The output should be limited to the line holding "200pcs Faux Mink" and the lines after it through the end of the entries, each restated exactly.

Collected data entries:
Start of Block
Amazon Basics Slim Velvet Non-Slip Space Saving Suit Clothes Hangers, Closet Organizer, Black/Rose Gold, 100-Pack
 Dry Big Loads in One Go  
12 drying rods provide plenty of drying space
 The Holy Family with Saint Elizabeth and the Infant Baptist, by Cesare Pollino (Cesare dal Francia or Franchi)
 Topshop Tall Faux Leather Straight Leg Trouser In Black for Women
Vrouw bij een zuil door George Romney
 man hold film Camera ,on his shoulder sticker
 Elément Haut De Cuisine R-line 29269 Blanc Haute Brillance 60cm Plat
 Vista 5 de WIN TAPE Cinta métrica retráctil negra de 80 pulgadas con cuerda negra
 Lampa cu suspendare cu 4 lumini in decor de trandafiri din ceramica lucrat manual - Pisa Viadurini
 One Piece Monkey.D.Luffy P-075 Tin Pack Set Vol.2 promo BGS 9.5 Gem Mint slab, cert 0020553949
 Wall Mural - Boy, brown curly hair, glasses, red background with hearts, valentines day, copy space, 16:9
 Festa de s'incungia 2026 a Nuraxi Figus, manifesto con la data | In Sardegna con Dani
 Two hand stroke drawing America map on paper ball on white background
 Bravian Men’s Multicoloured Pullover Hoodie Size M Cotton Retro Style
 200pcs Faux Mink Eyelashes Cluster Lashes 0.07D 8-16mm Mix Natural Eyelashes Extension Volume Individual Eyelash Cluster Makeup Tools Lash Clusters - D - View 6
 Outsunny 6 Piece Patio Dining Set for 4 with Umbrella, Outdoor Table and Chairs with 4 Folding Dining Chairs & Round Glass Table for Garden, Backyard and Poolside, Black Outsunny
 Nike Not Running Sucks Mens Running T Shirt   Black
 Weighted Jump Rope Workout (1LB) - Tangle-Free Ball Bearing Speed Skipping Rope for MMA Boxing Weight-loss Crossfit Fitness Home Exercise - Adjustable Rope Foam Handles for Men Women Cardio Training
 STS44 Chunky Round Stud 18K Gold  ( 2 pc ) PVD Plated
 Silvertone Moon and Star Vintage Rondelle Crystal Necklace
End of Block
* [Expected answer]
 200pcs Faux Mink Eyelashes Cluster Lashes 0.07D 8-16mm Mix Natural Eyelashes Extension Volume Individual Eyelash Cluster Makeup Tools Lash Clusters - D - View 6
 Outsunny 6 Piece Patio Dining Set for 4 with Umbrella, Outdoor Table and Chairs with 4 Folding Dining Chairs & Round Glass Table for Garden, Backyard and Poolside, Black Outsunny
 Nike Not Running Sucks Mens Running T Shirt   Black
 Weighted Jump Rope Workout (1LB) - Tangle-Free Ball Bearing Speed Skipping Rope for MMA Boxing Weight-loss Crossfit Fitness Home Exercise - Adjustable Rope Foam Handles for Men Women Cardio Training
 STS44 Chunky Round Stud 18K Gold  ( 2 pc ) PVD Plated
 Silvertone Moon and Star Vintage Rondelle Crystal Necklace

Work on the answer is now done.